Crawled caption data

****

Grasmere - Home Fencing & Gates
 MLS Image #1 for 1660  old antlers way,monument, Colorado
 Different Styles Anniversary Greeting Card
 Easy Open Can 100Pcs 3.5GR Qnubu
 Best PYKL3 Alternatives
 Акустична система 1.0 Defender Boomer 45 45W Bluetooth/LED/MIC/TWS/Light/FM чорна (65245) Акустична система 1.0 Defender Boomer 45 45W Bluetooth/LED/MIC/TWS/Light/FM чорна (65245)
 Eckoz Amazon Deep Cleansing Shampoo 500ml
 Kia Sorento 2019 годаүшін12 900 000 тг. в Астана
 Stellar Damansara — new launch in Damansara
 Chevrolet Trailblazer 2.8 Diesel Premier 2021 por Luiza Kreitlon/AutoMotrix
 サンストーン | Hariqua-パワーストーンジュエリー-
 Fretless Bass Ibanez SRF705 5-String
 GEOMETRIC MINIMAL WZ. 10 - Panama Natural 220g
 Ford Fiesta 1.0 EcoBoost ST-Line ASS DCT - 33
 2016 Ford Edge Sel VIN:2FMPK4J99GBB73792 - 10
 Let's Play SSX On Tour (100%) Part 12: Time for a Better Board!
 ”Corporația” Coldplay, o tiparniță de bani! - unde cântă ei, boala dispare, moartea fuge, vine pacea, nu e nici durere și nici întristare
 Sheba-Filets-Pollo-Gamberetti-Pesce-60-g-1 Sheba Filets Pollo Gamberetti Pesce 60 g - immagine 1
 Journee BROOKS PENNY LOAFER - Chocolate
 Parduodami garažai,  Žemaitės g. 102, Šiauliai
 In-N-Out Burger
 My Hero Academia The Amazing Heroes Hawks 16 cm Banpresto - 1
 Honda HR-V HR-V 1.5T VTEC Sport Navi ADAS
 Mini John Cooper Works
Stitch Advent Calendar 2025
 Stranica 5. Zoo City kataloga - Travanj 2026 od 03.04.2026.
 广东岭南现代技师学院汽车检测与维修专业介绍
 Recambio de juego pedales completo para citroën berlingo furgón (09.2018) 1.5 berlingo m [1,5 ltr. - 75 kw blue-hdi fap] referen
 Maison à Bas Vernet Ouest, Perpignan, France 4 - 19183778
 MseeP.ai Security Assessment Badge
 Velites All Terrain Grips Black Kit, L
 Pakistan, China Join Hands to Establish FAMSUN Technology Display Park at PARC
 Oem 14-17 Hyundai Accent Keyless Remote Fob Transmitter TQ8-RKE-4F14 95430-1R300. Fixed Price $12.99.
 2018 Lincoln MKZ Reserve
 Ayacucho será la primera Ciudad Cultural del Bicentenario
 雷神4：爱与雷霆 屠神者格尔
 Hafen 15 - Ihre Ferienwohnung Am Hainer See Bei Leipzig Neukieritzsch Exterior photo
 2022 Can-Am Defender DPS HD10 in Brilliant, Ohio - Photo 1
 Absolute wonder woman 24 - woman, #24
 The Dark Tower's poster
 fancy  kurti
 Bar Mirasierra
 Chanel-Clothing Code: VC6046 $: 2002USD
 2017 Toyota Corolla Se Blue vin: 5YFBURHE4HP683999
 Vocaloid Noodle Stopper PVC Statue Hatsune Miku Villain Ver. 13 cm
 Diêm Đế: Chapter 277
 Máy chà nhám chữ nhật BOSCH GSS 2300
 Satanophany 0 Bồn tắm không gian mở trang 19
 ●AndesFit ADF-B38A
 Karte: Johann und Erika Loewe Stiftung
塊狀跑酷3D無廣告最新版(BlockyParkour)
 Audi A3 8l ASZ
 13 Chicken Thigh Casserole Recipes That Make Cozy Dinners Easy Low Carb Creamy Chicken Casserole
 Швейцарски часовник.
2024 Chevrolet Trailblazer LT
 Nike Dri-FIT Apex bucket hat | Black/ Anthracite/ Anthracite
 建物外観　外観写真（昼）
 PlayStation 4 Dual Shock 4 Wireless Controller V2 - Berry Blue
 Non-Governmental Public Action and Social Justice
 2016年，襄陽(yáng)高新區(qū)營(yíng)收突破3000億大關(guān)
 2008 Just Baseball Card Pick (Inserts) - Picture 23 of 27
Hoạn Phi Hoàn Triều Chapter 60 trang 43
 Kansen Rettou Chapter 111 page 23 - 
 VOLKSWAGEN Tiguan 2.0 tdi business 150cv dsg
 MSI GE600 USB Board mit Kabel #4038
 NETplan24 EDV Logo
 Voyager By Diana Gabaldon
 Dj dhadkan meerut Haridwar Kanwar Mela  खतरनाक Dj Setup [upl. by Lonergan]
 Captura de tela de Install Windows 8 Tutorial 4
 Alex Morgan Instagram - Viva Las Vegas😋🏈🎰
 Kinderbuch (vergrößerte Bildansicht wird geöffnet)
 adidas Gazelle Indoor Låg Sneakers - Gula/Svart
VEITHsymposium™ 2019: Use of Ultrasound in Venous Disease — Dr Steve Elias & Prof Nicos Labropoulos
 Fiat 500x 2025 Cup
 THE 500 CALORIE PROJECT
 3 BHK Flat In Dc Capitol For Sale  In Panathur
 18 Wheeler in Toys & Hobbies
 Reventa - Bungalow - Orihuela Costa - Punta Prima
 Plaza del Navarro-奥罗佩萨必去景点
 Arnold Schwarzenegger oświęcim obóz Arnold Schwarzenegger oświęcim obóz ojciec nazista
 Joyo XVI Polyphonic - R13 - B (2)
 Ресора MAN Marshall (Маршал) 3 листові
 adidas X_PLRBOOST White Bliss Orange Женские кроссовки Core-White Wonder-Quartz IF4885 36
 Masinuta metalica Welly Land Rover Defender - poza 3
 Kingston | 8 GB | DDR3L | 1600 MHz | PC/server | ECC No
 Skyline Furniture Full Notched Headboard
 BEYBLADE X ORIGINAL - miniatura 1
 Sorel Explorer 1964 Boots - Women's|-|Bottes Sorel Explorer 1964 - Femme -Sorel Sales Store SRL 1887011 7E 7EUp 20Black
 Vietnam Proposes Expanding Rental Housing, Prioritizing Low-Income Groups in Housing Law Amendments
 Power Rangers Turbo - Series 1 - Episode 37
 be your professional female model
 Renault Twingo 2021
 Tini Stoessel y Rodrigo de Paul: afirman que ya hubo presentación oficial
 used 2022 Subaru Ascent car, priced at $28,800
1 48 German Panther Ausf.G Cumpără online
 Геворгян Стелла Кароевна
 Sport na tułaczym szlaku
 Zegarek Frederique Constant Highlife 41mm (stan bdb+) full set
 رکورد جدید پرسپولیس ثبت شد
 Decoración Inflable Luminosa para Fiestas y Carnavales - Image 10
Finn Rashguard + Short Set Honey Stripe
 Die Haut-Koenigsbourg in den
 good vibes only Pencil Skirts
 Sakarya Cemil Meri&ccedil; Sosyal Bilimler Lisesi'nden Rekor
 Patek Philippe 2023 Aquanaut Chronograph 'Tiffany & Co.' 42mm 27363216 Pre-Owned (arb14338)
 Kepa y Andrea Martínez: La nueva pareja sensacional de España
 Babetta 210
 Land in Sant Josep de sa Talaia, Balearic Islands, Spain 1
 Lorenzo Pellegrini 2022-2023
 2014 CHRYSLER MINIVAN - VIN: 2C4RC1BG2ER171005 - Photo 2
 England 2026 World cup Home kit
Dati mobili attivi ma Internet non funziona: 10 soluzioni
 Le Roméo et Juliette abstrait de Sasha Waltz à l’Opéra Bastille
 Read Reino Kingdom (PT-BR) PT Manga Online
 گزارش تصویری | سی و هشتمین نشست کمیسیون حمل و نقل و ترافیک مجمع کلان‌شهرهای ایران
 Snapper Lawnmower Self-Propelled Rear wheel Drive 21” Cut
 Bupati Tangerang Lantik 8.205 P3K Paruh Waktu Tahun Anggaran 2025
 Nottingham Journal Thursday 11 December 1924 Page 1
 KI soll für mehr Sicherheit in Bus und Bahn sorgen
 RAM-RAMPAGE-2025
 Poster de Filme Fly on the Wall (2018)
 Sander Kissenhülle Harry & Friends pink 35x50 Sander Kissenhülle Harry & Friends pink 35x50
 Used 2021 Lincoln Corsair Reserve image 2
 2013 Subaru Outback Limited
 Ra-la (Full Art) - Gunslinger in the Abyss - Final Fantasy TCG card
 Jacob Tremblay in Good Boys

****

ASSIGNED TASK →
The first line of the entries, the line with "雷神4：爱与雷霆 屠神者格尔", and every line between them should be retyped exactly, and nothing else.

EXERCISE RESPONSE →
Grasmere - Home Fencing & Gates
 MLS Image #1 for 1660  old antlers way,monument, Colorado
 Different Styles Anniversary Greeting Card
 Easy Open Can 100Pcs 3.5GR Qnubu
 Best PYKL3 Alternatives
 Акустична система 1.0 Defender Boomer 45 45W Bluetooth/LED/MIC/TWS/Light/FM чорна (65245) Акустична система 1.0 Defender Boomer 45 45W Bluetooth/LED/MIC/TWS/Light/FM чорна (65245)
 Eckoz Amazon Deep Cleansing Shampoo 500ml
 Kia Sorento 2019 годаүшін12 900 000 тг. в Астана
 Stellar Damansara — new launch in Damansara
 Chevrolet Trailblazer 2.8 Diesel Premier 2021 por Luiza Kreitlon/AutoMotrix
 サンストーン | Hariqua-パワーストーンジュエリー-
 Fretless Bass Ibanez SRF705 5-String
 GEOMETRIC MINIMAL WZ. 10 - Panama Natural 220g
 Ford Fiesta 1.0 EcoBoost ST-Line ASS DCT - 33
 2016 Ford Edge Sel VIN:2FMPK4J99GBB73792 - 10
 Let's Play SSX On Tour (100%) Part 12: Time for a Better Board!
 ”Corporația” Coldplay, o tiparniță de bani! - unde cântă ei, boala dispare, moartea fuge, vine pacea, nu e nici durere și nici întristare
 Sheba-Filets-Pollo-Gamberetti-Pesce-60-g-1 Sheba Filets Pollo Gamberetti Pesce 60 g - immagine 1
 Journee BROOKS PENNY LOAFER - Chocolate
 Parduodami garažai,  Žemaitės g. 102, Šiauliai
 In-N-Out Burger
 My Hero Academia The Amazing Heroes Hawks 16 cm Banpresto - 1
 Honda HR-V HR-V 1.5T VTEC Sport Navi ADAS
 Mini John Cooper Works
Stitch Advent Calendar 2025
 Stranica 5. Zoo City kataloga - Travanj 2026 od 03.04.2026.
 广东岭南现代技师学院汽车检测与维修专业介绍
 Recambio de juego pedales completo para citroën berlingo furgón (09.2018) 1.5 berlingo m [1,5 ltr. - 75 kw blue-hdi fap] referen
 Maison à Bas Vernet Ouest, Perpignan, France 4 - 19183778
 MseeP.ai Security Assessment Badge
 Velites All Terrain Grips Black Kit, L
 Pakistan, China Join Hands to Establish FAMSUN Technology Display Park at PARC
 Oem 14-17 Hyundai Accent Keyless Remote Fob Transmitter TQ8-RKE-4F14 95430-1R300. Fixed Price $12.99.
 2018 Lincoln MKZ Reserve
 Ayacucho será la primera Ciudad Cultural del Bicentenario
 雷神4：爱与雷霆 屠神者格尔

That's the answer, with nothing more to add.